Ammonia-oxidizing bacteria are the primary N2O producers in long-time tillage and fertilization of dryland calcareous soil

Human intervention in agriculture, such as tillage and fertilization, could result in major changes of N2O emissions that understanding the N2O emission mechanism is of great significance in reducing the N2O emissions of the agricultural system. In this work, we focused on the conventional tillage practice and straw return practice used in the spring maize production system of this region and compared them by the addition of 3,4-dimethylpyrazole phosphate (DMPP) to explore the N2O emission mechanism of the farmland. Compared with conventional farming, straw return significantly increased the N2O emissions from the soil. Soil pH had important effects on soil N2O emissions through its influence on the ammonia oxidizer community. In addition, DMPP was used to distinguish N2O emissions driven by ammonia-oxidizing archaea (AOA) and ammonia-oxidizing bacteria (AOB), and the results showed that AOB were the dominant factor regulating N2O emissions after receiving nitrogen from an external source in dryland farming calcareous soil.
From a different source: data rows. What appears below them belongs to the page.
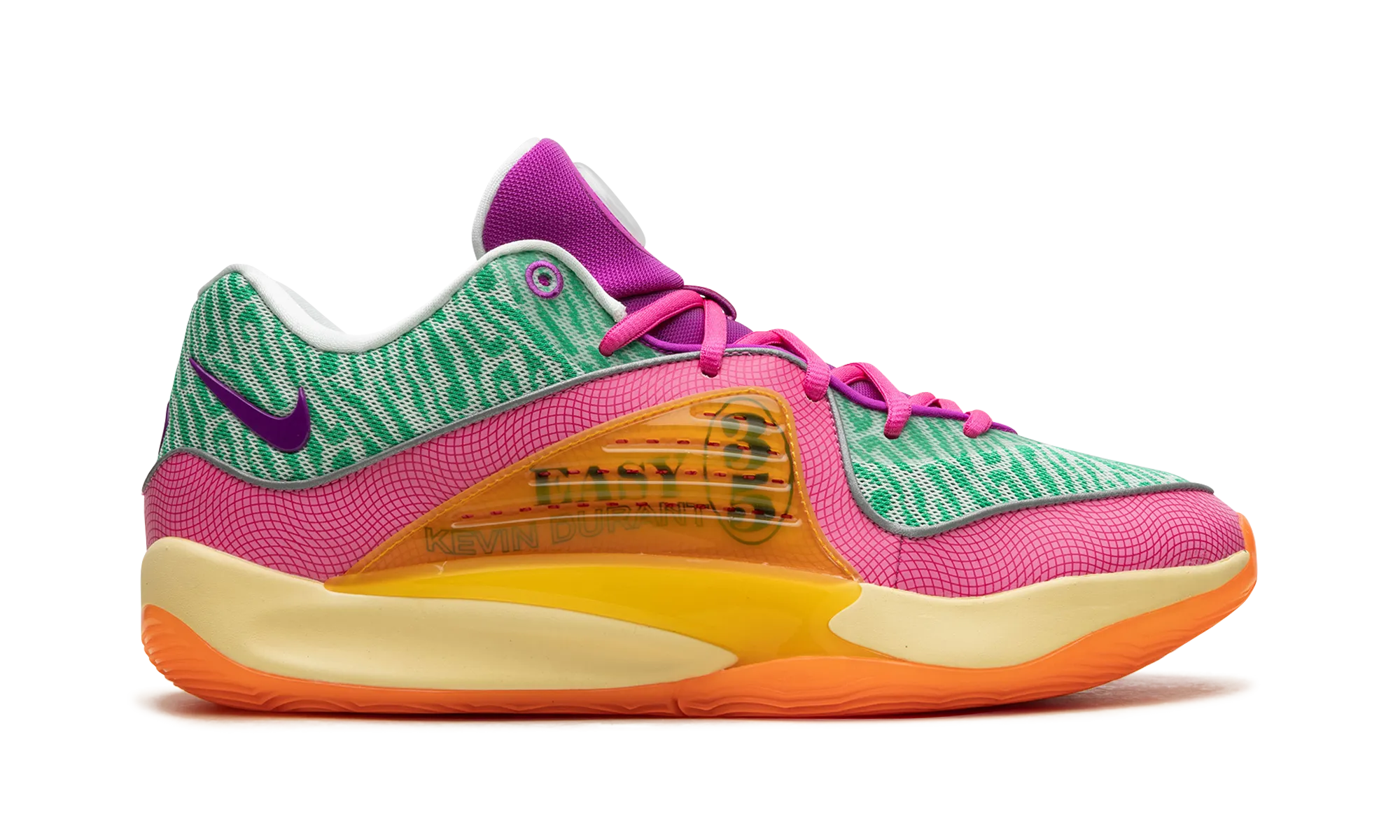 KD 16 Asw "Easy Money" nike everyday mens shoes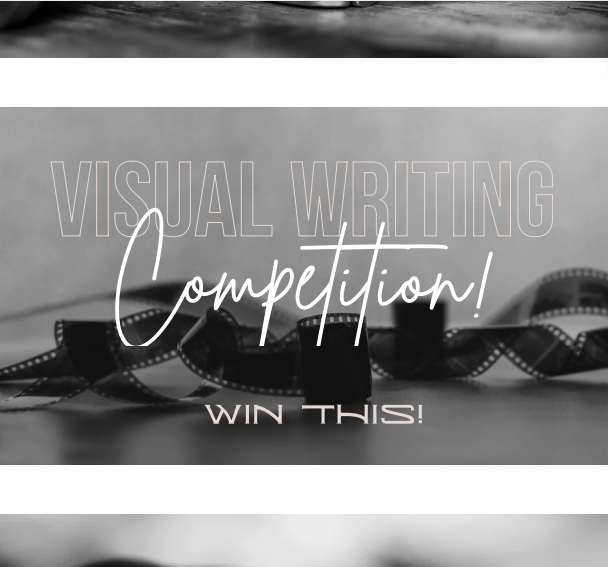 CelluloidBlonde's tweet image. Ohyez, we haz the competitions! Enter the AFW April Visual Writing Competition Now!

Find out more at TheAFW.com or the competition page here: theafw.com/visual-writing…

See you there!

#screenwriting #writing #screenwritingcompetition #afwnews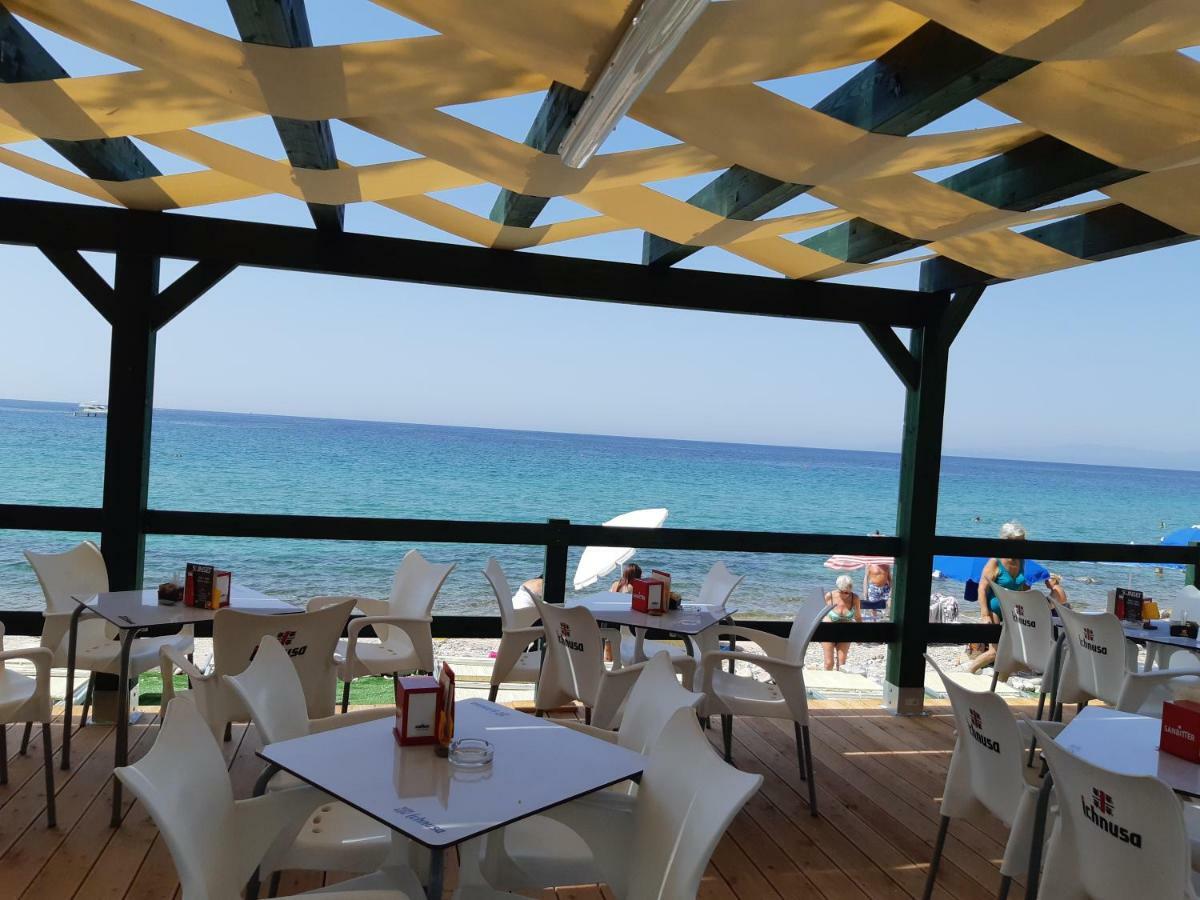 Casa Vacanze Paola 2 Capitana Eksteriør bilde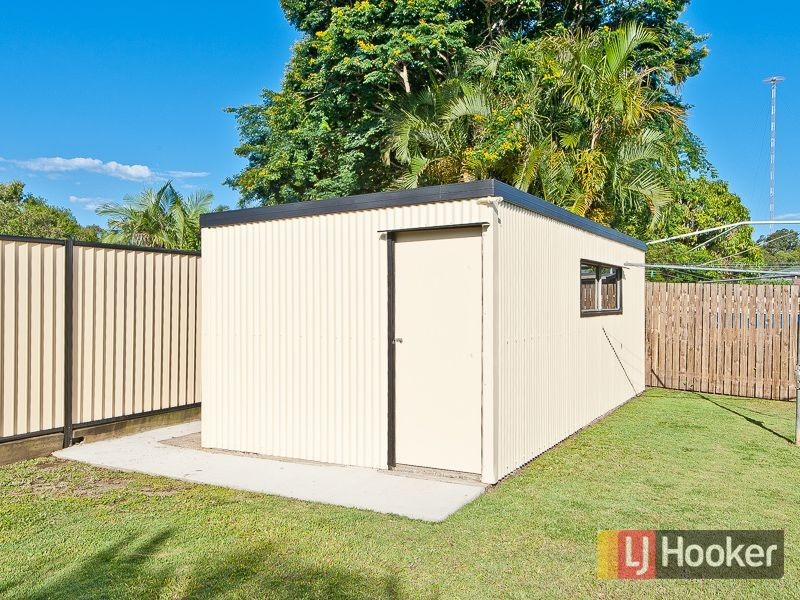 25 Landbury Street, Bald Hills QLD 4036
Through the analyses of soil AOB community composition and the aggregated boosted tree (ABT) model for N2O emissions, Nitrosospira Cluster 3a.2 was found to be the main driving force of soil N2O emissions in AOB communities. These findings will help better understand the physiochemical and biological mechanisms underlying the N2O emissions of agricultural soils and provide insight for reducing the negative impact of agricultural production systems on the ecological environment.